Respectful correction: you feel less mystified, i.e. it has been demystified for you.

PS That nit aside, great question. Sorry I can't provide illumination.

brookst 4/11/2025|||

I also can’t answer, but I will adopt “thanks, you’ve made me less demystified” to use alongside “I’ll give your suggestion all the attention it merits.”

Imustaskforhelp 4/11/2025|||

Um it was 2 in the morning when I had written that comment.

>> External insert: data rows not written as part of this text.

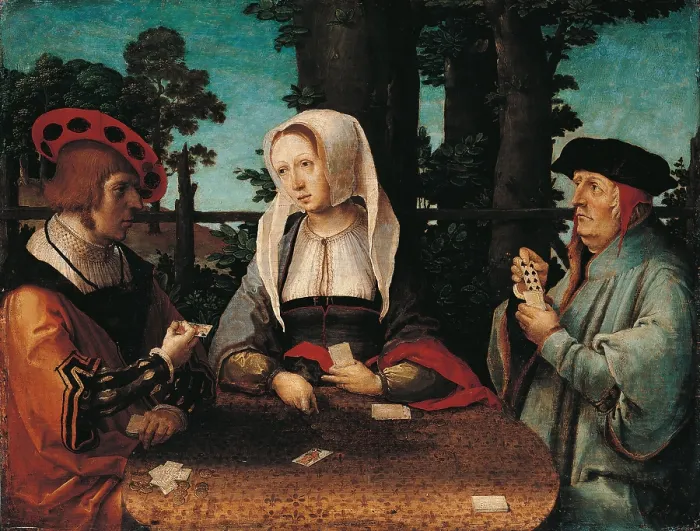 Framed Print : The Card Players, by Van Leyden Lucas known as Luca da Leida, 1525, 16th Century, wood, cm 40 x 50 - Switzerland, Canton Ticino, Lugano, Lugano, Villa Favorita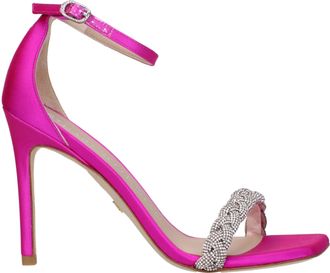 Stuart Weitzman Pink Satin Stiletto Heel Womens Sandals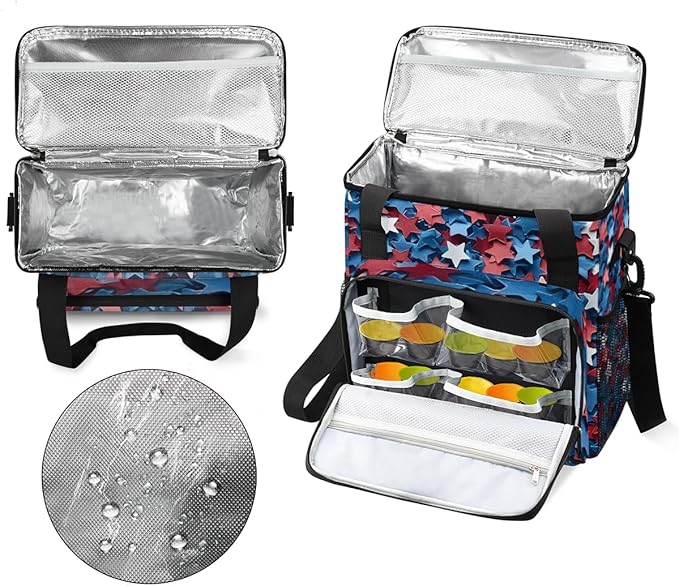 Independence Coffee Maker Carrying Bag 4th of July Travel Storage Bag Compatible with K-Mini or K-Mini Plus Single Serve Coffee Brewer Carrying Case with Multiple Pockets &amp Shoulder Strap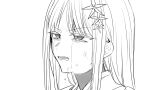  1girl blue_archive bruise crying crying_with_eyes_open flower greyscale hair_flower hair_ornament highres injury inotukuhito long_hair monochrome nagusa_(blue_archive) open_mouth solo tears v-shaped_eyebrows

Yeah, I should've said less mystified. Gotta remember it in the future!

Thanks!

ElectricalUnion 4/11/2025||

> byte-coded binaries, such as Java’s JAR

Wait, aren't JARs ZIPs (so they have the headers appended on the end of the file)? How does prefix matching help that?

AdieuToLogic 4/11/2025||

One of my favourite old-school Perl magic spells used to portably handle broken shells is:

  #!/usr/bin/perl
  eval 'exec /usr/bin/perl -S $0 ${1+"$@"}'
    if 0;

See: https://www.perl.com/article/bang-bang/

lelandfe 4/10/2025||

> Since I never remember which one is which, a good way to check is using the utility `file`: `file $(which useradd)`

While we're here, can someone explain why `which` prints some locations, and for others the whole darn file? Like `which npm` prints the location; `which nvm` prints the whole darn file.

awbraunstein 4/10/2025||

`nvm` isn't a file, it is a bash function defined in some file (likely ~/.nvm/nvm.sh). So when you say `which nvm` it prints out the definition of the `nvm` function. This is setup when you added something like:

    export NVM_DIR="$HOME/.nvm"
    [ -s "$NVM_DIR/nvm.sh" ] && \. "$NVM_DIR/nvm.sh"  # This loads nvm
    [ -s "$NVM_DIR/bash_completion" ] && \. 
 "$NVM_DIR/bash_completion"  # This loads nvm bash_completion

to your bashrc.

YardenZamir 4/10/2025|||

I can't say the reason, but i can note the pattern. If it's something in your path, like a program or a script which will show you where it is. If it's a shell function sourced you will see the whole thing.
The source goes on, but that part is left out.